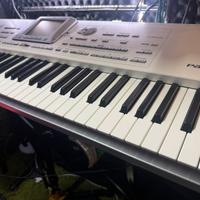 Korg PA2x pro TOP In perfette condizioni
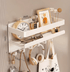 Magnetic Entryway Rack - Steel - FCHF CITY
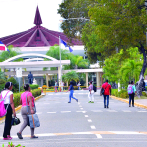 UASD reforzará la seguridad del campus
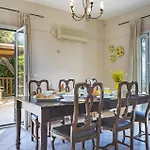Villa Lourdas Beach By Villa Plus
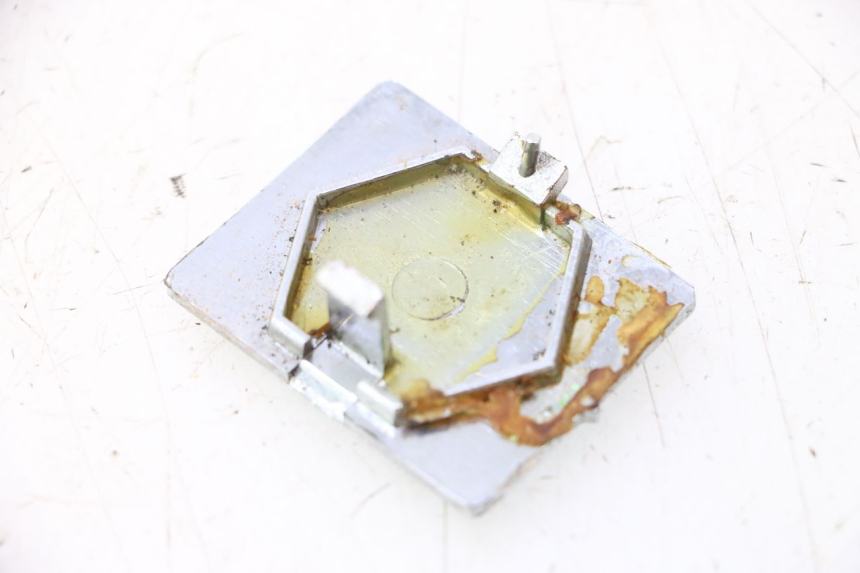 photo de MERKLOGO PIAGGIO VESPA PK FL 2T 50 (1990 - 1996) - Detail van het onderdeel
--
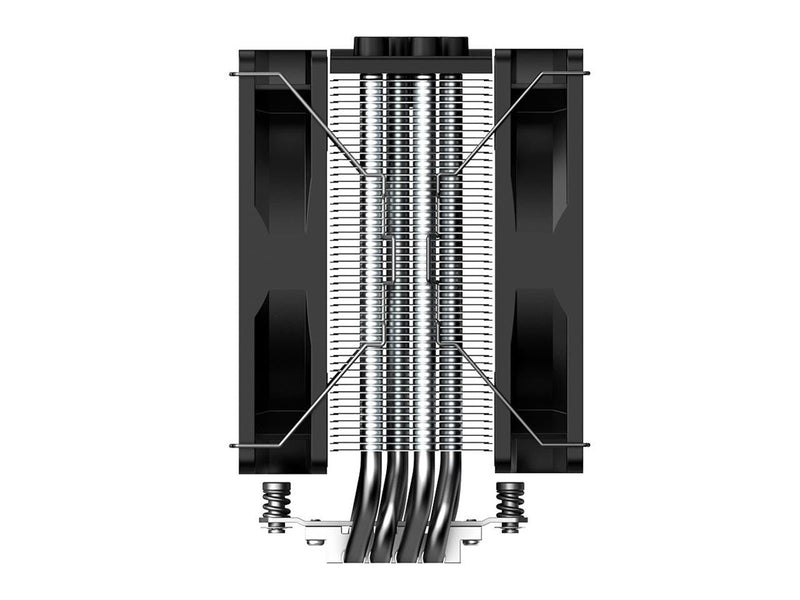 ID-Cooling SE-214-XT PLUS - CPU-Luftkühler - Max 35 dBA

• [ASSIGNED TASK]: Using the entries above, repeat exactly the lines from the one with "Magnetic Entryway Rack - Steel - FCHF CITY" to the one with "photo de MERKLOGO", both included, and leave the pictures behind.

• [OUTPUT OF THE TASK]:
 Magnetic Entryway Rack - Steel - FCHF CITY
 UASD reforzará la seguridad del campus
Villa Lourdas Beach By Villa Plus
 photo de MERKLOGO PIAGGIO VESPA PK FL 2T 50 (1990 - 1996) - Detail van het onderdeel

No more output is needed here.